Bicycling deaths are generally highest in the evening, between 6 p.m. and 7 p.m. and 10 and 11 p.m., according to CHP data. Six deaths occurred in those hours last year.
Pedestrian deaths also were most common in the evening, with the highest number (7) between 6 p.m. and 7 p.m., the CHP data shows.
Last year, 17 bicyclists and 49 pedestrians were killed on Orange County roadways.
The number of injuries and deaths typically rise at night due to poor visibility, impaired motorists, and a drop in the number of pedestrians and cyclists who are out and about, according to David Levinson, professor of civil and transportation engineering at the University of Minnesota in Minneapolis.

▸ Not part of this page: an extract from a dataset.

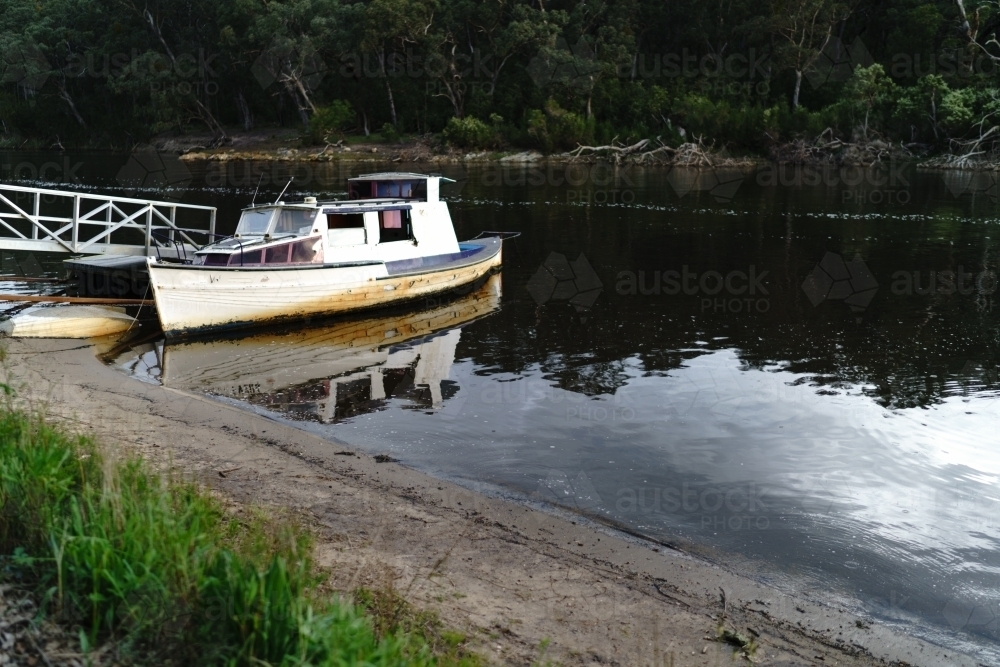 Old Ramshackle Boat Moored in a River - Australian Stock Image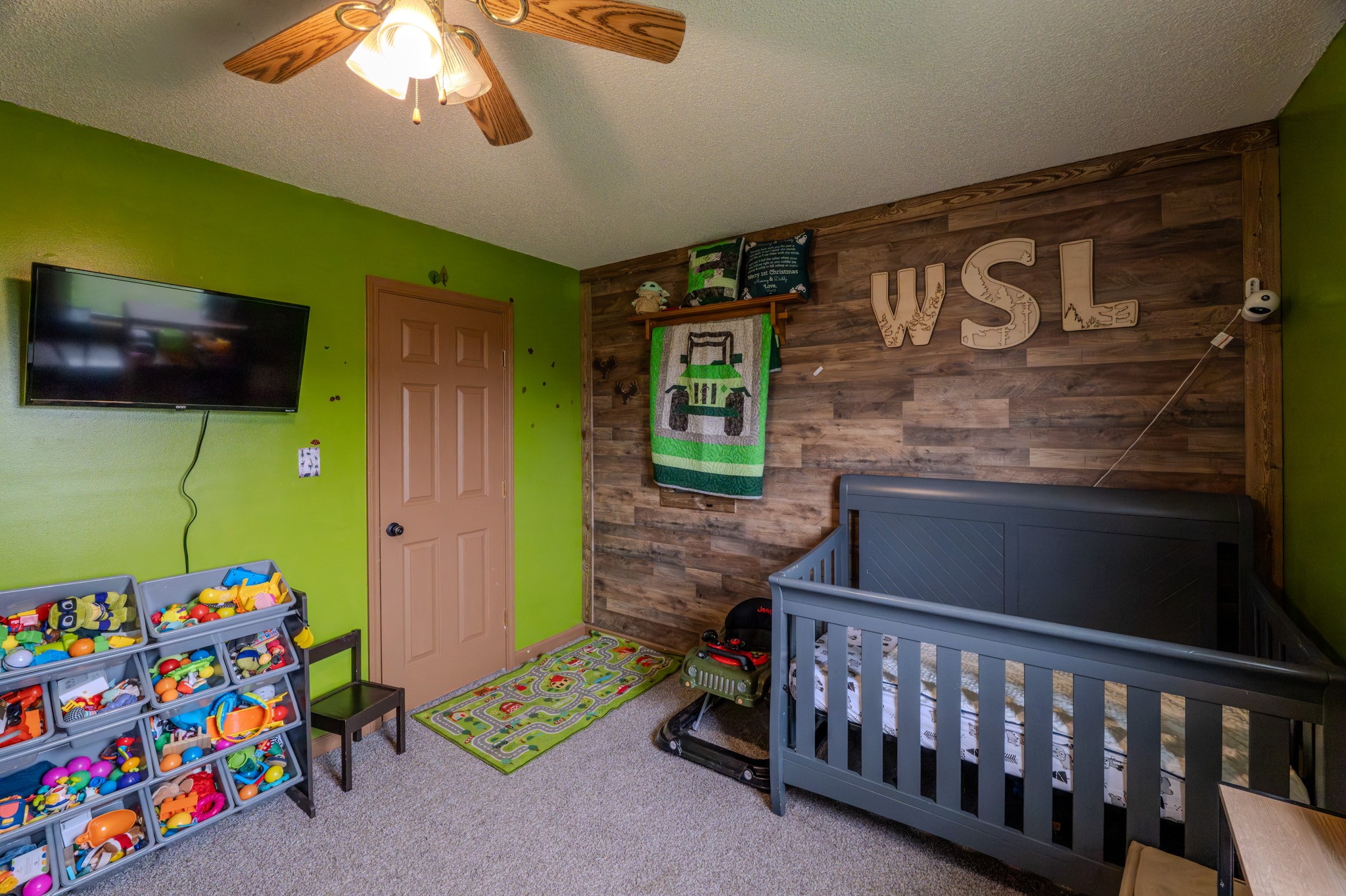 1735 Hazelwood Road Clarksville, TN 37042 - Photo 9 of 23 a view of kids room with a baby crib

Fewer pedestrians and cyclists, he explains, increases the danger for those who remain due to something called the “safety in numbers” effect.
“The more bikes (or pedestrians) you see as a driver, the more alert you are for others,” Levinson said in an email.
Indeed, a series of studies over more than a decade have suggested that increasing the number of pedestrians and cyclists out and about could make the roads safer.
You can read the most widely cited study of this effect here.
We have our own report on Safety in Numbers for Pedestrians coming out shortly. It is unclear whether safety in numbers operates temporally as well as spatially. (i.e. all the research I have see (and we have done) has been a spatial effect (crash rates per pedestrian or bicyclist declines in locations with more pedestrians and bicyclists), one imagines that it operates by time of day (and seasonally) as well, but that is harder to establish).